Prasasti Tinulad sebagai bagian dari situs Candi Penampihan menyebutkan bahwa Raja Mataram Kuno, Dyah Balitung, menetapkan lereng tenggara Gunung Wilis itu dengan status tanah perdikan alias daerah otonom pada 898. Daerahnya disebut Penampihan atau Penampean yang kini termasuk wilayah administrasi Desa Geger, Kecamatan Sendang, Kabupaten Tulungagung, Jawa Timur.
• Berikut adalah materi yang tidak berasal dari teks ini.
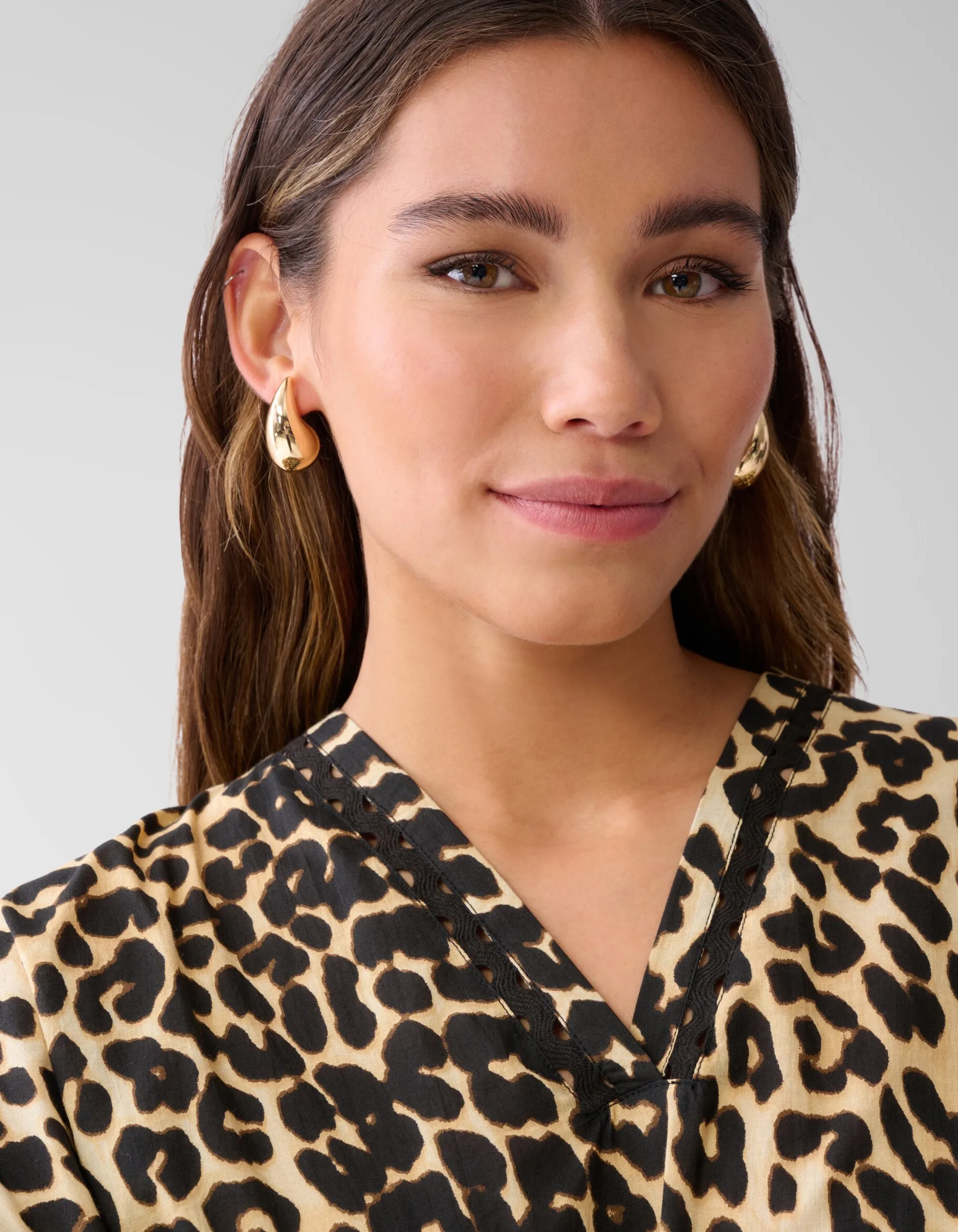 Shoeby Leopard Tape Blouse Bruin<DAMES Blouses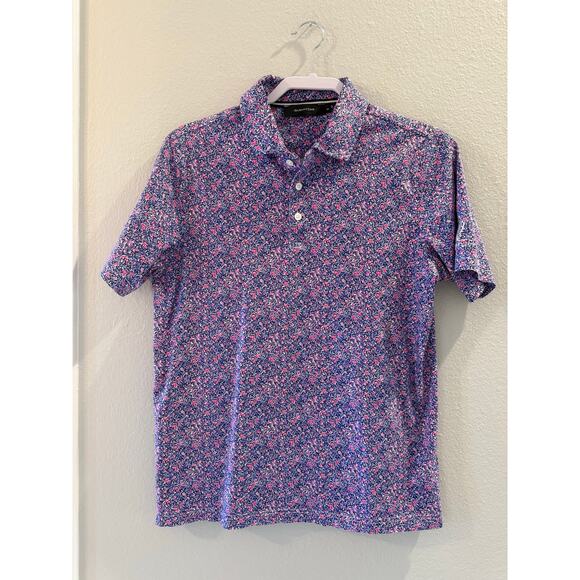 Bugatchi Men's Performance Golf Polo with Wynn Golf Club Embroidered Sleeve Sz S - Picture 1 of 7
Di lokasi yang sama, Prasasti Sarwadharma bertahun 1269 menegaskan kembali status tersebut. Raja Singhasari, Kertanegara, menetapkan kawasan itu sebagai swatantra alias juga daerah otonom.

Sejarawan Universitas Negeri Malang, Dwi Cahyono, mengatakan, terdapat penggambaran manusia membajak lahan dengan tiga gajah di salah satu relief candi. Ditemukan juga dua kolam di belakang Prasasti Tinulad dan mata air Tirta Amerta, 25-30 meter dari situs.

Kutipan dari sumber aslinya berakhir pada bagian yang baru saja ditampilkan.